Katwijk – FC Rijnvogels was voor velen misschien een doorsnee en onbeduidend bekerpotje, maar niet voor Danny de Jel. De linksback was in de zevende hemel over het halfuurtje speeltijd dat hem werd gegund. Bijna anderhalve maand nadat bij De Jel de ziekte van Pfeiffer was geconstateerd, stond hij alweer op het veld. ,,Ik ben als een kind zo blij.”
Begin oktober leefde iedereen op de Krom nog tussen hoop en vrees over De Jel. De Hagenaar bleek de ziekte van Pfeiffer te hebben. Het vervelende daarvan is dat er geen termijn aan gekoppeld kan worden. Of zoals trainer Dick Schreuder zei: ,,Hij kan over drie weken terug zijn, maar het kan ook een jaar duren.”
De Jel toonde zich in een interview met VIDB strijdbaar en zei van het positieve scenario uit te gaan. Uiteindelijk kreeg hij het gelijk aan zijn zijde. Anderhalve week geleden speelde De Jel mee bij het tweede, en zaterdag volgde zijn rentree in de hoofdmacht. De linkspoot denkt vrijwel zeker van de ziekte van Pfeiffer verlost te zijn.
Niet nodig
,,Je voelt gewoon dat de ziekte uit je lichaam is. Ik merk de laatste twee weken dat ik weer energiek ben en weer lange dagen kan maken. Voor de zekerheid zou ik nog bloed moeten laten prikken, om te kijken of het volledig uit mijn lichaam is. Maar zoals ik me nu voel, denk ik dat het niet nodig is.”
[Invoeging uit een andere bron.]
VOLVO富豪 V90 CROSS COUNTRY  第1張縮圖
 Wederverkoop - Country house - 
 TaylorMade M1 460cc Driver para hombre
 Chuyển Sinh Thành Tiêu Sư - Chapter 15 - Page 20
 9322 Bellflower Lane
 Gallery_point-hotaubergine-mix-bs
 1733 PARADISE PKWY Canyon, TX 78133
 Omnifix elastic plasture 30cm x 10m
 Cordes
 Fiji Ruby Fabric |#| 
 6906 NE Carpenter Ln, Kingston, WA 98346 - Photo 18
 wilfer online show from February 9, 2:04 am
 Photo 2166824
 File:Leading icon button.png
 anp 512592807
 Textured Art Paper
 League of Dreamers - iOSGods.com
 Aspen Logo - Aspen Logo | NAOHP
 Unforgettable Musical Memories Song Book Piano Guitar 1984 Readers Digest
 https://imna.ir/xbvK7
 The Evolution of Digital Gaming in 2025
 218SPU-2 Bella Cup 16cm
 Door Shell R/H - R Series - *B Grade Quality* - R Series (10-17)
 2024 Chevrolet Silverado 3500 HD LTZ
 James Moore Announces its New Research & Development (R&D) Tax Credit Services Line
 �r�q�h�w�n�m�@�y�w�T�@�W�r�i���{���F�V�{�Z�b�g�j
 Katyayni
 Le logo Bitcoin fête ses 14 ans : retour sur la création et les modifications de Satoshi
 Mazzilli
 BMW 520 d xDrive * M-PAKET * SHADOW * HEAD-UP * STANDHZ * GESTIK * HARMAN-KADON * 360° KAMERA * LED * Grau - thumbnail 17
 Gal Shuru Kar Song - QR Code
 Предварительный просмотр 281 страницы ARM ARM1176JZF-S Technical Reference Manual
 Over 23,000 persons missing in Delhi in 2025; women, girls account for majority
Zijn vlotte herstel is ook voor De Jel een verrassing. ,,Ik had eigenlijk niet verwacht zo snel terug te komen. In het begin was ik echt goed ziek. De eerste twee weken heb ik nauwelijks iets gegeten. In totaal was ik zes kilo kwijtgeraakt.” Inmiddels heeft De Jel de helft daarvan weer terug. ,,Door krachttraining te doen, maar ook weer door normaal te eten.”
Van vermoeidheid – het bekendste kenmerk van de ziekte van Pfeiffer – heeft De Jel weinig last gehad. ,,Dat is het niet echt geweest. Ik had keelontsteking. Dat was het voornaamste, en daar moest ik echt vanaf. Uiteindelijk ben ik na 3,5 week weer gaan werken en ook gaan trainen. Het begin was wel wennen. Dat is logisch als je drie of vier weken op bed hebt gelegen.”
De Jel behoorde voor zijn ziekte tot de fitste spelers van Katwijk en stroomde ook weer op een redelijk niveau in. ,,Het was qua conditie niet zoals het was, maar wel voldoende in ieder geval. Ik ben ook voor mezelf extra dingen gaan doen om kracht terug te krijgen. Zoals krachttraining, lopen en sprintjes trekken. Ik wil helemaal fit aan de tweede seizoenhelft beginnen. Alles wat ik nu meepak is extra. Met dit halfuurtje had ik eigenlijk geen rekening gehouden.”
Complimenten
De Jel werd tijdens zijn absentie vervangen door twee rechtspoten. Dat kwam het aanvalsspel niet altijd ten goede. Toch vindt De Jel het te ver gaan om te stellen dat Katwijk hem nodig heeft. ,,Ik vind dat ze het allemaal heel goed hebben gedaan. Complimenten voor Omar en Michiel. Omar is eigenlijk hetzelfde type als mij, maar dan op rechts. Qua voetbal was het misschien wat minder. Ik ben een linkspoot en vind mezelf voetballend sterk. Zoals je tegen Rijnvogels zag, gaat Donny (van Oijen) ook wel weer beter spelen, omdat ik hem kan voeden. Ik probeer gewoon mijn steentje bij te dragen.”
Één ding moge duidelijk zijn. De Jel is maar wat blij dat hij weer op het veld staat. ,,Ik ben alles weer gaan waarderen”, stelt hij. ,,Soms ging ik op maandag wel eens naar de voetbal en dan had ik weinig zin. Dat heeft iedereen wel eens. Nu elke training, al gaan we driekwartier lopen, ben ik echt dolgelukkig. Zo blij als een kind. Ik denk dat ik qua fitheid tussen de 85 en 90 procent zit. De laatste tien procent zijn wel het zwaarst. Ik moet gewoon veel duels spelen, minuten maken. Dat wordt wel lastig, omdat het team goed draait.”